FINNIS PROVIDES US A COMPREHENSIVE DEFINITION OF LAW that defines the central case of law that disappoints by its overt positivism:

[T]he term 'law' . . . refer[s] primarily to rules made, in accordance with regulative legal rules, by a determinate and effective authority (itself identified and, standardly, constituted as an institution by legal rules) for a 'complete' community, and buttressed by sanctions in accordance with the rule-guided and buttressed by sanctions in accordance with the rule-guided stipulations of adjudicative institutions, this ensemble of rules and institutions being directed to reasonably resolving any of the community's co-ordination problems (and to ratifying, tolerating, regulating, or overriding co-ordination solutions from any other institutions or sources of norms) for the common good of that community, according to a manner and form itself adapted to that common good by features of specificity, minimization of arbitrariness, and maintenance of a quality of reciprocity between the subjects of the law both amongst themselves and in their relations with the lawful authorities.

NLNR, 276-77. The reason I find this definition of law as the "central case" or "focal meaning" of law disappointingly narrow and positivistic is that it excludes from its definitional boundaries entire areas where classically law has been recognized to exist: the natural law and the eternal law. This definition is crafted by Finnis by referencing the requirements of practical reasonableness and by "certain empirical features of persons and their communities." NLNR, 277. Perhaps this definition--which Finnis states is an effort not "to explain a concept, but to develop a concept which would explain the various phenomena referred to (in an unfocused way) by 'ordinary' talk about law." NLNR, 279. But to whose talk has he been listening to? The positivist? It seems that he has not been listening to the Thomist.

While Finnis's definition may be a comprehensive definition of human law in its focal sense, it cannot be a definition of "law" in its focal sense when it excludes the laws of all laws: the eternal law, and the particularly human participation in that law, the natural law. And what is particularly curious is that Finnis is careful to note that the definition is crafted so as not to be univocal, but is intended to be vague enough to be usable in an analogical or "broad-sense" manner. The definition, then, can be analogized downward so that it can include more or less developed or more or less primitive legal-like institutions. But the definition is sufficiently univocal so as to exclude from its boundaries law looking upward,* so that there is no similar analogical use of it to refer to the higher eternal law and the natural law.

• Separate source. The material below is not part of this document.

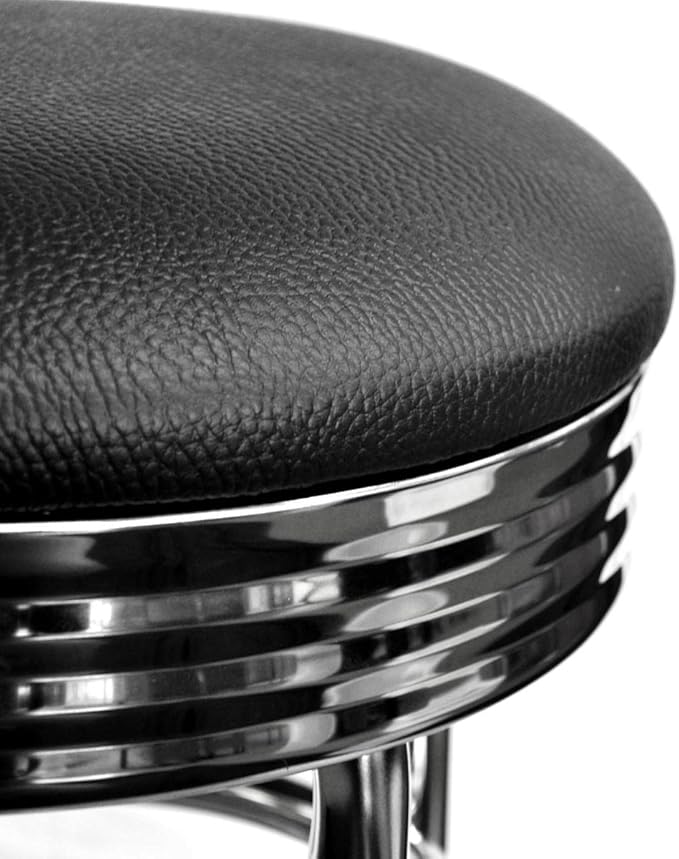 Trinity Heavy Duty 30-Inch Backless Swivel Bar Stool for Kitchen, Garage, or Workshop, Chrome Finish with Faux Leather Seat, 2 Pack Pre-Assembled, Black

Indeed, Finnis admits as much be severing the natural law from his definition of law:
'Natural law'--the set of principles of practical reasonableness in ordering human life and human community--is only analogically law . . . .
But his use of "analogy" here is different from the use of analogy in terms of human institutions looking downward. NLNR, 280. Finnis is hesitant, even embarrassed to link the term "natural" to the term "law" as he has defined it, tolerating it only because "past thinkers" have used it. He suggests that, instead of using the term "natural law," we could use the term "'natural right', 'intrinsic morality','natural reason, or right reason in action', etc. But no synonyms are available for 'law' in our focal sense." NLNR, 280-81. Law as used by Finnis is improperly used when used of the natural "law" or the eternal "law." This seems to be a break in the tradition.

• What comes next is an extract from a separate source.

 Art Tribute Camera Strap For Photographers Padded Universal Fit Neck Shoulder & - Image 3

There is therefore both an inadequacy of Finnis's definition of "natural law" itself (defined as a "set of principles of practical reasonableness in ordering human life an human community"**) and an inadequacy of the term "law" as a term comprehensive enough to include within its meaning "law" as used in the notions of eternal law and natural law.

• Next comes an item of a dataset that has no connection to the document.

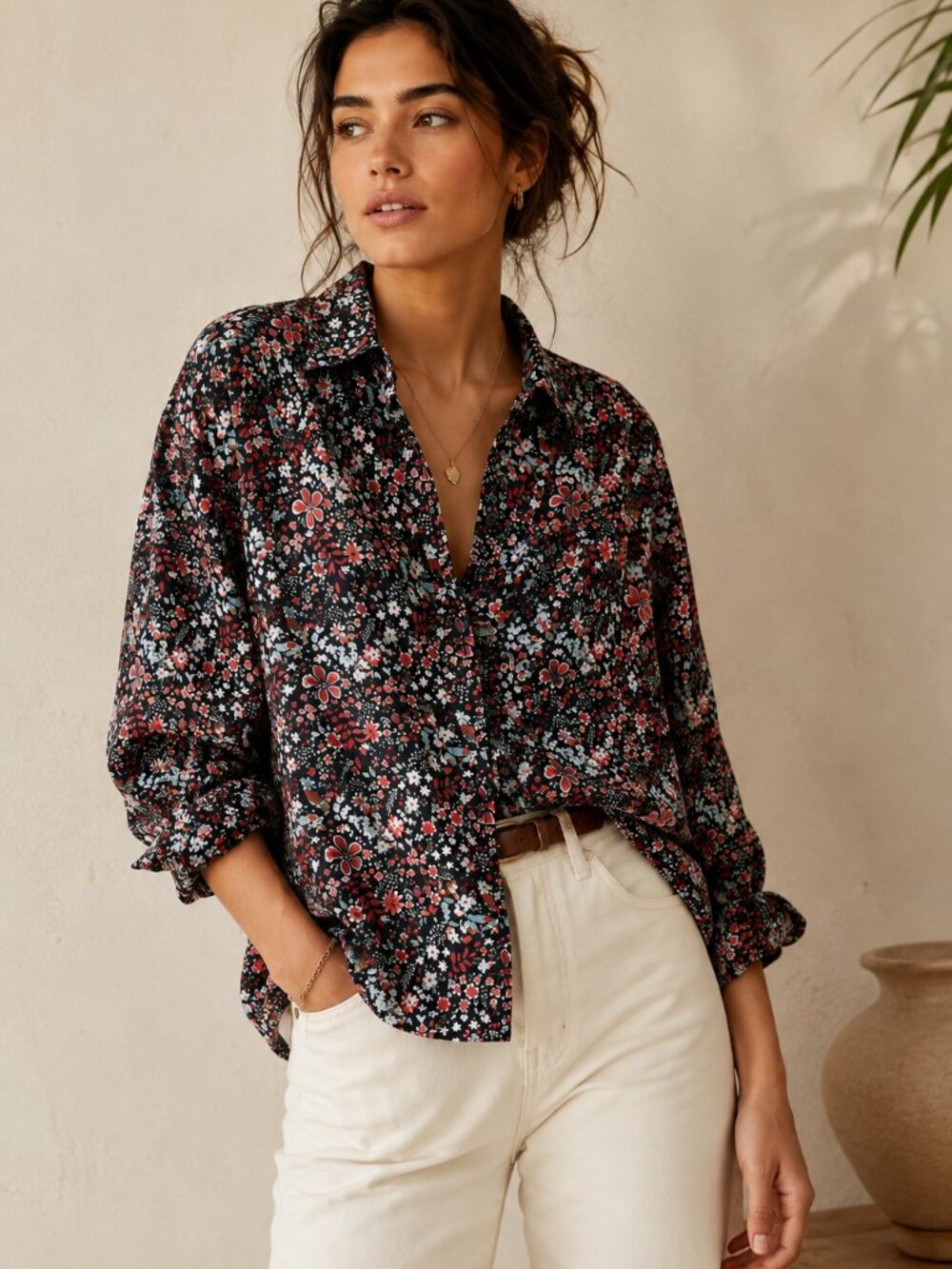 MAEVE by Anthropologie Floral Button Down Shirt Size 10 100% Cotton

*It also excludes law in the sense of physical, biological, psychological laws (where "law" is used in a metaphorical sense, and excludes the "laws" associated with "arts and crafts and applied sciences" though the "similarity" between his definition of law and the law as used with reference to arts and crafts and applied sciences is "greater." NLNR, 280.
**Where is the legislator? Where is the promulgation? Where (in the event of disobedience) is the sanction?